Exercise goal: Without the pictures, give the listing below again exactly.

Working data:
▬▬▬▬▬▬
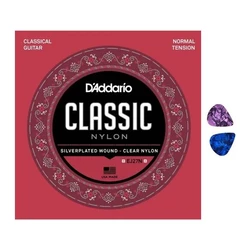 Encordoamento Violão Nylon D'addário Tensão Média EJ27N Daddario + 2 Palhetas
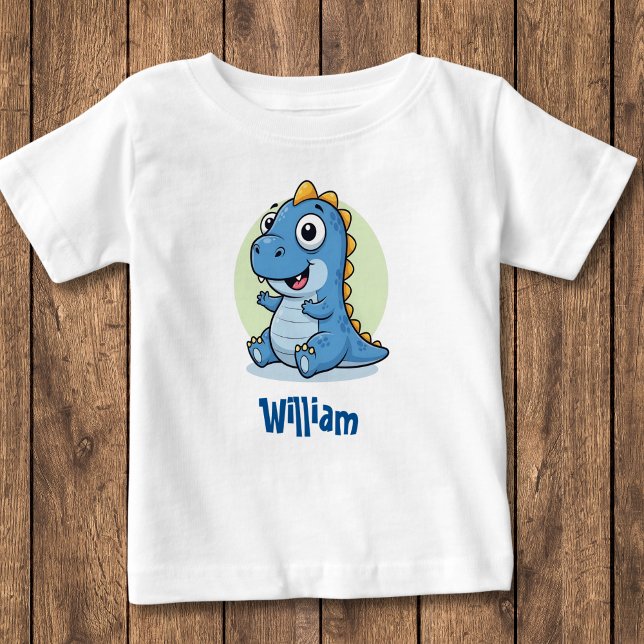 Camiseta Bebê Dinossauro Azul Adorável (Criador carregado)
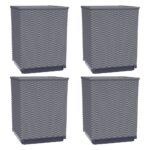 Planters 4pcs Dark Grey 30x30x37cm Polypropylene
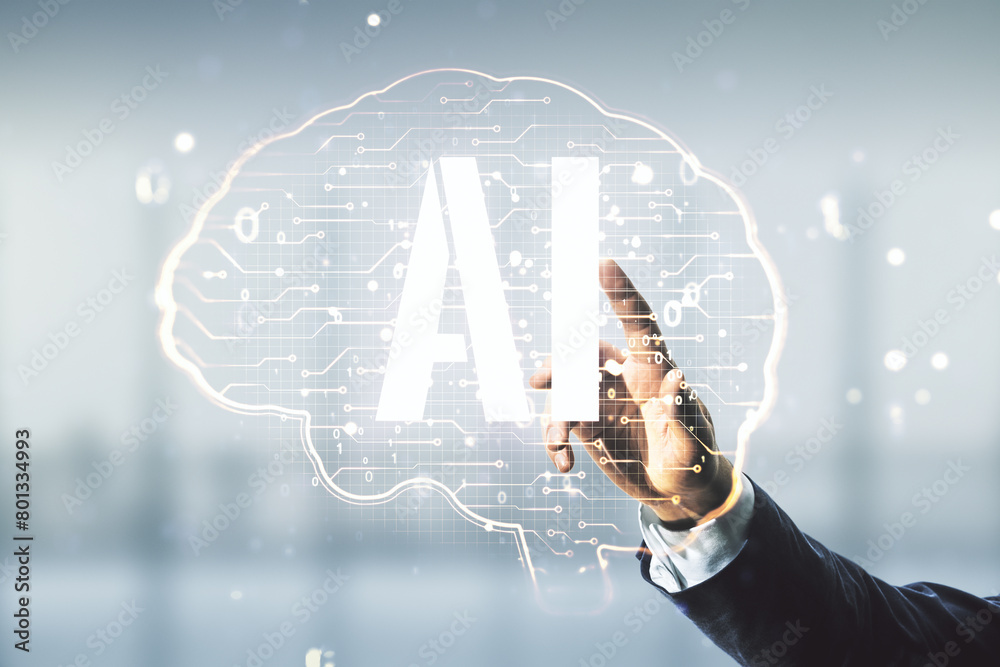 Aufkleber double exposure of man hand presses on creative artificial intelligence interface on blurred office 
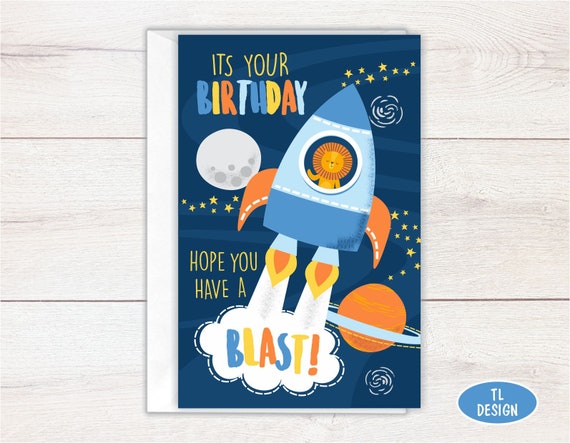Its Your Birthday Hope You Have A Blast Rocket Birthday Card Etsy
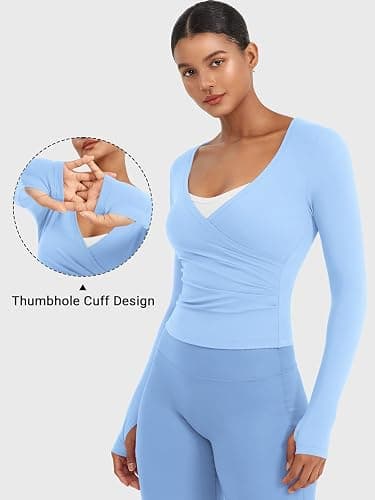 YEOREO Minniy Women Workout Wrap Top Long Sleeve with Thumb Holes V Neck Basic Shirts for Yoga Pilates Going Out Shrug Blouse thumbnail 3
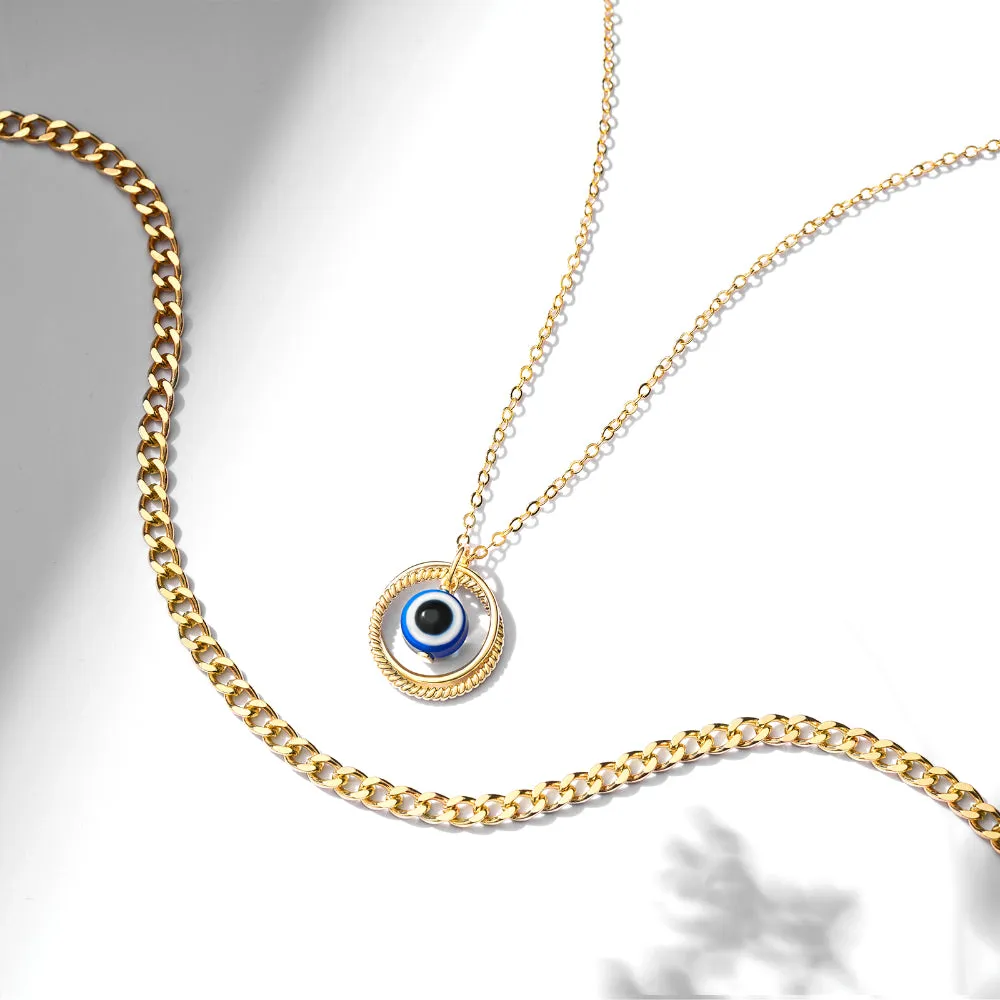 Dainty 14K Gold Layered Evil Eye Religious Necklace- Ring Blue Eye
▬▬▬▬▬▬
Written answer:
 Encordoamento Violão Nylon D'addário Tensão Média EJ27N Daddario + 2 Palhetas
 Camiseta Bebê Dinossauro Azul Adorável (Criador carregado)
 Planters 4pcs Dark Grey 30x30x37cm Polypropylene
 Aufkleber double exposure of man hand presses on creative artificial intelligence interface on blurred office 
Its Your Birthday Hope You Have A Blast Rocket Birthday Card Etsy
 YEOREO Minniy Women Workout Wrap Top Long Sleeve with Thumb Holes V Neck Basic Shirts for Yoga Pilates Going Out Shrug Blouse thumbnail 3
 Dainty 14K Gold Layered Evil Eye Religious Necklace- Ring Blue Eye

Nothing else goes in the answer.